Supplied material -
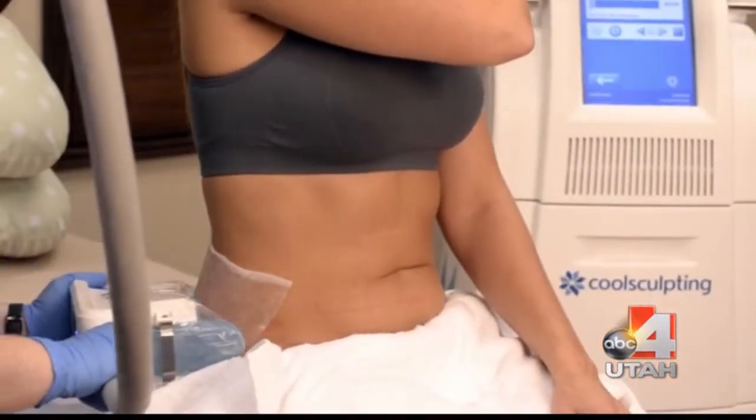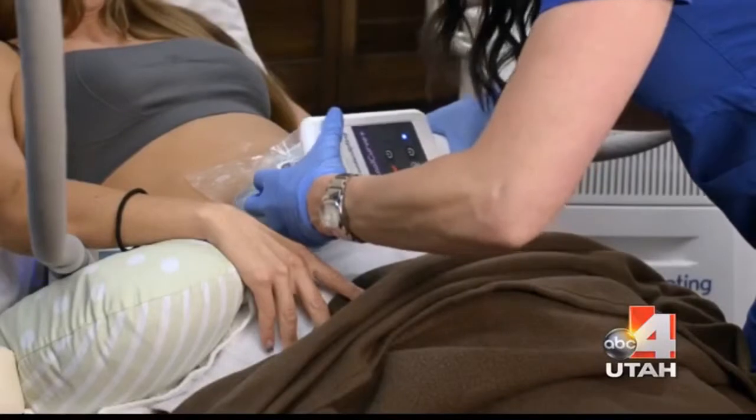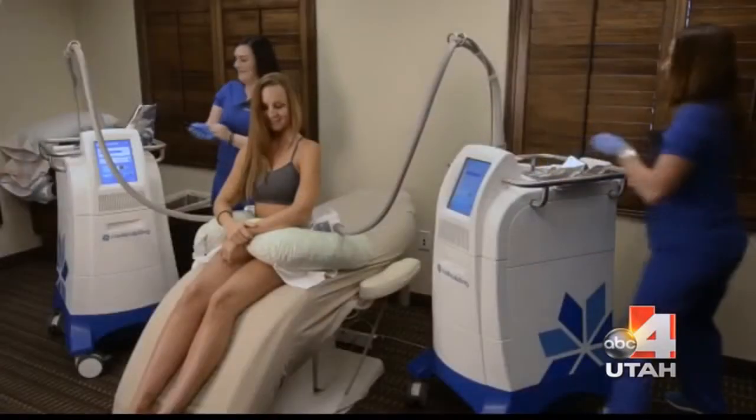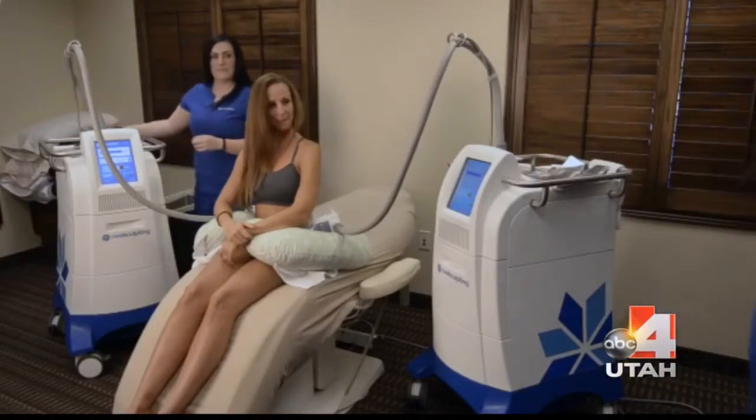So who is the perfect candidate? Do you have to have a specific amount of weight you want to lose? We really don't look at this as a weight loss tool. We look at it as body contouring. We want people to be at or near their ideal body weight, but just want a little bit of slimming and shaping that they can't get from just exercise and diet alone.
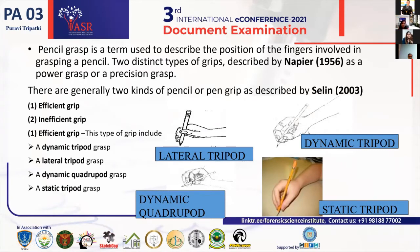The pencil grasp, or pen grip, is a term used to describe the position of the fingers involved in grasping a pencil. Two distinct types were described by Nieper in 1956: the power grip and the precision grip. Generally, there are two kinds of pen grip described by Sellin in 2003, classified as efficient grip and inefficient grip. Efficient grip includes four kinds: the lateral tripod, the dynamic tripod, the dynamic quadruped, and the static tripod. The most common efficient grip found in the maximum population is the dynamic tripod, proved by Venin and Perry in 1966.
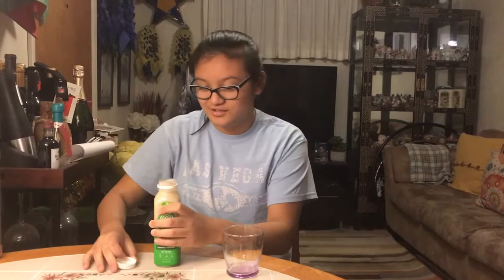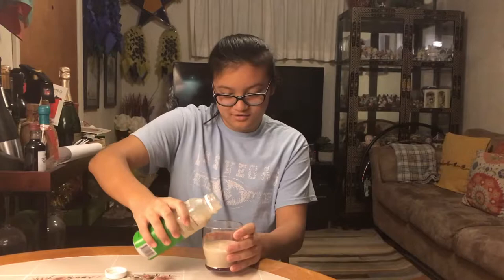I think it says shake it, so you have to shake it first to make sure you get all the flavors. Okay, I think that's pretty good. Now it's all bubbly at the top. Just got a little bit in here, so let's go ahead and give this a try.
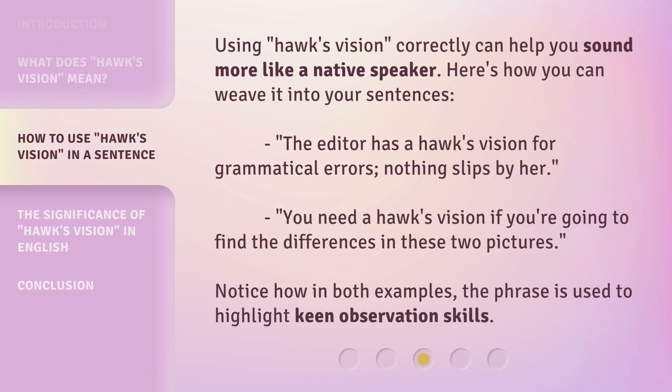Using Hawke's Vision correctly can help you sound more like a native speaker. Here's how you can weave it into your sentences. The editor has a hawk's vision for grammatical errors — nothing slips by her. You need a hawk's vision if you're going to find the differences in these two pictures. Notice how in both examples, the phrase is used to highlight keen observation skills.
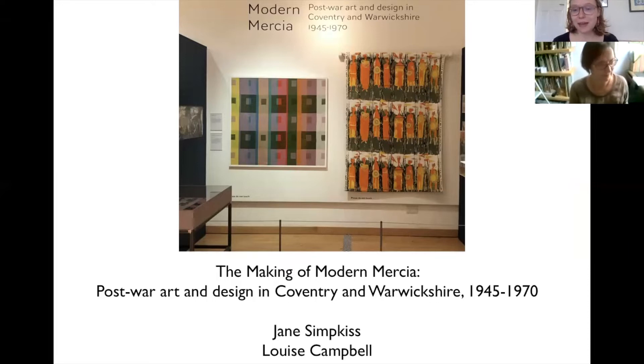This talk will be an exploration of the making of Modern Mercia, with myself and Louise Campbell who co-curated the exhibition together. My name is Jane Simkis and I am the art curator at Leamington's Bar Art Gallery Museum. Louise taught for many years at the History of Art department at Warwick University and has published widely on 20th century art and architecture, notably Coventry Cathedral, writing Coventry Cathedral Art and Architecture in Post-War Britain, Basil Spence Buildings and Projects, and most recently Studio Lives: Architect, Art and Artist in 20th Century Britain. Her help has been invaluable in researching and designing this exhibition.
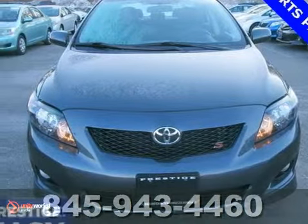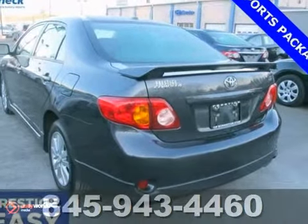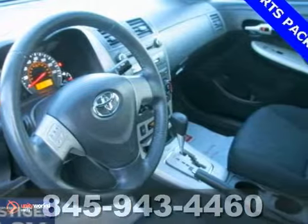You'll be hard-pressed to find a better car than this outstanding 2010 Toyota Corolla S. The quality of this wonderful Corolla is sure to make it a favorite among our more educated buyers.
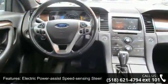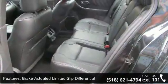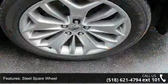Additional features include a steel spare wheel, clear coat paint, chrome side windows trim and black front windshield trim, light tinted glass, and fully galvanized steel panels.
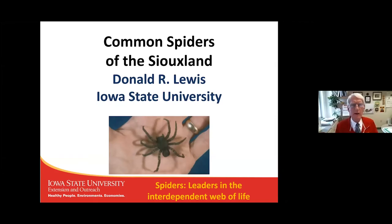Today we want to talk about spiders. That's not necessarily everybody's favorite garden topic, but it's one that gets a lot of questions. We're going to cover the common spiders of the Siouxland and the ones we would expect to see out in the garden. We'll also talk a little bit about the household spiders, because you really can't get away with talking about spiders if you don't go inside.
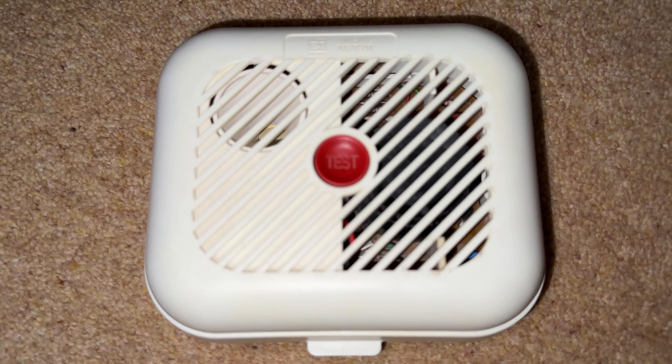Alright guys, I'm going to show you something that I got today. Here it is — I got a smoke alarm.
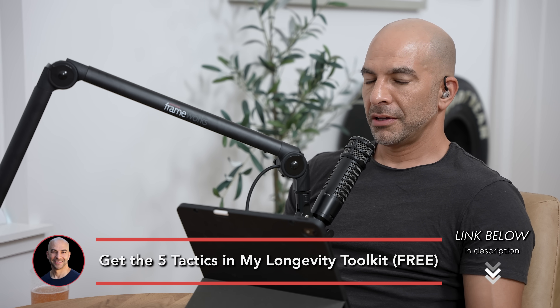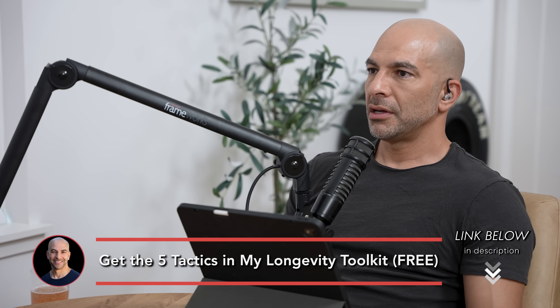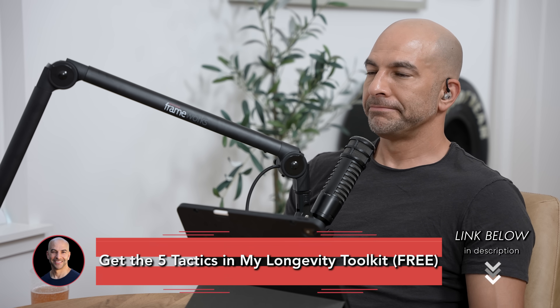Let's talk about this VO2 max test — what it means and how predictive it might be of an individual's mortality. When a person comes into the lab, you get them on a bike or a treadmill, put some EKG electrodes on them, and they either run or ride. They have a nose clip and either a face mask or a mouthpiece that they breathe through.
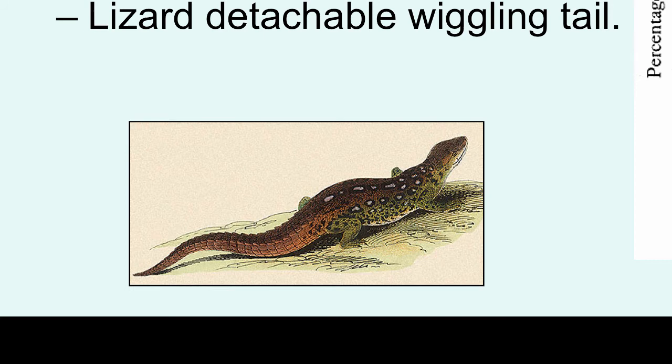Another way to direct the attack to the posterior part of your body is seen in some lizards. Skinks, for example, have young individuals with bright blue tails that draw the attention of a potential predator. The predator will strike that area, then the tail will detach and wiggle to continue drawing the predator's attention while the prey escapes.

Action item - Reproduce the records word for word, please, from their first line up to and including the line that contains "Using Hawke's Vision", but no pictures.

Answer below -
So who is the perfect candidate? Do you have to have a specific amount of weight you want to lose? We really don't look at this as a weight loss tool. We look at it as body contouring. We want people to be at or near their ideal body weight, but just want a little bit of slimming and shaping that they can't get from just exercise and diet alone.
The pencil grasp, or pen grip, is a term used to describe the position of the fingers involved in grasping a pencil. Two distinct types were described by Nieper in 1956: the power grip and the precision grip. Generally, there are two kinds of pen grip described by Sellin in 2003, classified as efficient grip and inefficient grip. Efficient grip includes four kinds: the lateral tripod, the dynamic tripod, the dynamic quadruped, and the static tripod. The most common efficient grip found in the maximum population is the dynamic tripod, proved by Venin and Perry in 1966.
I think it says shake it, so you have to shake it first to make sure you get all the flavors. Okay, I think that's pretty good. Now it's all bubbly at the top. Just got a little bit in here, so let's go ahead and give this a try.
Using Hawke's Vision correctly can help you sound more like a native speaker. Here's how you can weave it into your sentences. The editor has a hawk's vision for grammatical errors — nothing slips by her. You need a hawk's vision if you're going to find the differences in these two pictures. Notice how in both examples, the phrase is used to highlight keen observation skills.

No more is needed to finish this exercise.